## WHAT YOU WILL DO
Please restate, word for word, the lines below that begin at the one with "Hoofdafbeelding Mercedes-Benz EQC" and end at the one with "安海瑟薇 Anne Hathaway". Leave out all other lines.
· · ·
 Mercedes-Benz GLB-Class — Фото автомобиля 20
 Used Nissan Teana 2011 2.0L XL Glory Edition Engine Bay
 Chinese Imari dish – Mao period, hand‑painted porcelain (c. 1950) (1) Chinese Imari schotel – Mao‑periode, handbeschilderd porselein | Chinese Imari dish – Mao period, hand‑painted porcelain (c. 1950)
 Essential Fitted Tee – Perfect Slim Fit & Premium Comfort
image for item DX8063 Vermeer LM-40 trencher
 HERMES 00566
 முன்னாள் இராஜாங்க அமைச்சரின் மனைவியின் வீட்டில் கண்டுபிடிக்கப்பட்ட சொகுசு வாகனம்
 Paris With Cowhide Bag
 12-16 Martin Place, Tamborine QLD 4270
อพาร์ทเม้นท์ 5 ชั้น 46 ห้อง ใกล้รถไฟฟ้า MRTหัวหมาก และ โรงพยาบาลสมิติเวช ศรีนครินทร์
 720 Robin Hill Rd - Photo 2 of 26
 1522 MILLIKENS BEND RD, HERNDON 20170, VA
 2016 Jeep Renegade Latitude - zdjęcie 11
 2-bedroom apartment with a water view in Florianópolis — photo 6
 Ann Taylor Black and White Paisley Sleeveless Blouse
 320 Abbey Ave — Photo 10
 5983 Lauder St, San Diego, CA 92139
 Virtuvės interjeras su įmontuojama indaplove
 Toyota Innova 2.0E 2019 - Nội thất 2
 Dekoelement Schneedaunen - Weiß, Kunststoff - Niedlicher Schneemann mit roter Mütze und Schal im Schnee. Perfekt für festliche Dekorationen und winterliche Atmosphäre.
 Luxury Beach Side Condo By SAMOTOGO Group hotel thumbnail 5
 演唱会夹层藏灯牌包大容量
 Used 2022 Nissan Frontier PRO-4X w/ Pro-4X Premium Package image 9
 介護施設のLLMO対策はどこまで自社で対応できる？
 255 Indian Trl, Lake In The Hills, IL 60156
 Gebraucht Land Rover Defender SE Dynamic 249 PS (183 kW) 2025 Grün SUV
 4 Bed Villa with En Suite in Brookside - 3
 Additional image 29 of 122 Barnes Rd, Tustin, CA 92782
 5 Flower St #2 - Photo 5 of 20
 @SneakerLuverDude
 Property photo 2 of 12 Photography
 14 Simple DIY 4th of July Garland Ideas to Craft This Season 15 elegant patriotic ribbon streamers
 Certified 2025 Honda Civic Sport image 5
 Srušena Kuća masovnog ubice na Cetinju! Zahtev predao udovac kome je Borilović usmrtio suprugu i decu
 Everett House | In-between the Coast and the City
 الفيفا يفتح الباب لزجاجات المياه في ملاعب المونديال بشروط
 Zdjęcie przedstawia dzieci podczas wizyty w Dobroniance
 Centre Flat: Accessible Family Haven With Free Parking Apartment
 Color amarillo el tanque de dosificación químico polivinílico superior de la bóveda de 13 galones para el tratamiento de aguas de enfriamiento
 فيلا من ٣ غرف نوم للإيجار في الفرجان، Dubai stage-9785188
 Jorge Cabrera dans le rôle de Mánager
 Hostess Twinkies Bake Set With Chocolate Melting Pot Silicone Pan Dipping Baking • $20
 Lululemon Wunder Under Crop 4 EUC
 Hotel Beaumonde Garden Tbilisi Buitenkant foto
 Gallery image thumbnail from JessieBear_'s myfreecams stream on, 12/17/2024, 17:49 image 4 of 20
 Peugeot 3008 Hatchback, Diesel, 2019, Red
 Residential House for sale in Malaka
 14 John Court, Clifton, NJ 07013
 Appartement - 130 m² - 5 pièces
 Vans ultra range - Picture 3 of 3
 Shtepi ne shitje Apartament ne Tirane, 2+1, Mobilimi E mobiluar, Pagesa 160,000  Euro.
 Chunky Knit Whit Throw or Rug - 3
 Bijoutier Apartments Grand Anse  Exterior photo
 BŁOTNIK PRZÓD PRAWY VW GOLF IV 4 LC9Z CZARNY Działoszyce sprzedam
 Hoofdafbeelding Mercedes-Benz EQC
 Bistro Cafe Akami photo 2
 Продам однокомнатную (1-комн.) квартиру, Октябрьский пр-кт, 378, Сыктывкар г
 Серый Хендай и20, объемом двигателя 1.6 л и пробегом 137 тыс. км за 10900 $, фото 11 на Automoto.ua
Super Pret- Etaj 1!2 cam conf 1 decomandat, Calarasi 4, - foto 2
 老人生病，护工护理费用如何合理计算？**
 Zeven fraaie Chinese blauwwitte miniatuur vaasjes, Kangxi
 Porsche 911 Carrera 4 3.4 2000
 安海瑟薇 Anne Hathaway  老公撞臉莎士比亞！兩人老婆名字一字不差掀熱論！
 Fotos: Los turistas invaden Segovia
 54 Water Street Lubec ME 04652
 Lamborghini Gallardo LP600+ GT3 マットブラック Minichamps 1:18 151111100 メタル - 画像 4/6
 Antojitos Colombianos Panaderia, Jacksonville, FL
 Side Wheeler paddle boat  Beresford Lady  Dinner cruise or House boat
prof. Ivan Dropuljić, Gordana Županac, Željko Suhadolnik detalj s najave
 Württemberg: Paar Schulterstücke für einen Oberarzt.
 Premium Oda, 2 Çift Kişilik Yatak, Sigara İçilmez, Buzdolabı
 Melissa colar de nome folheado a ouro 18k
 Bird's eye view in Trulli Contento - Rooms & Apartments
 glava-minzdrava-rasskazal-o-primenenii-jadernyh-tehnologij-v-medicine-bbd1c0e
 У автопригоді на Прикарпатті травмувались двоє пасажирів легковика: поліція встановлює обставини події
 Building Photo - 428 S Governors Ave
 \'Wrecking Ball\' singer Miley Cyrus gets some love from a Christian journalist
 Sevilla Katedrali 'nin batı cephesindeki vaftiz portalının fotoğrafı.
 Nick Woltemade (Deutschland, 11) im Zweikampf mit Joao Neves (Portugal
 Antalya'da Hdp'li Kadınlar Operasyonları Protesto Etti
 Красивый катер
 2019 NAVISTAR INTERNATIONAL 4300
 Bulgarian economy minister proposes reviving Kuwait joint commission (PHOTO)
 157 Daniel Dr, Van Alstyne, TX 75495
· · ·
## SOLVED EXERCISE
 Hoofdafbeelding Mercedes-Benz EQC
 Bistro Cafe Akami photo 2
 Продам однокомнатную (1-комн.) квартиру, Октябрьский пр-кт, 378, Сыктывкар г
 Серый Хендай и20, объемом двигателя 1.6 л и пробегом 137 тыс. км за 10900 $, фото 11 на Automoto.ua
Super Pret- Etaj 1!2 cam conf 1 decomandat, Calarasi 4, - foto 2
 老人生病，护工护理费用如何合理计算？**
 Zeven fraaie Chinese blauwwitte miniatuur vaasjes, Kangxi
 Porsche 911 Carrera 4 3.4 2000
 安海瑟薇 Anne Hathaway  老公撞臉莎士比亞！兩人老婆名字一字不差掀熱論！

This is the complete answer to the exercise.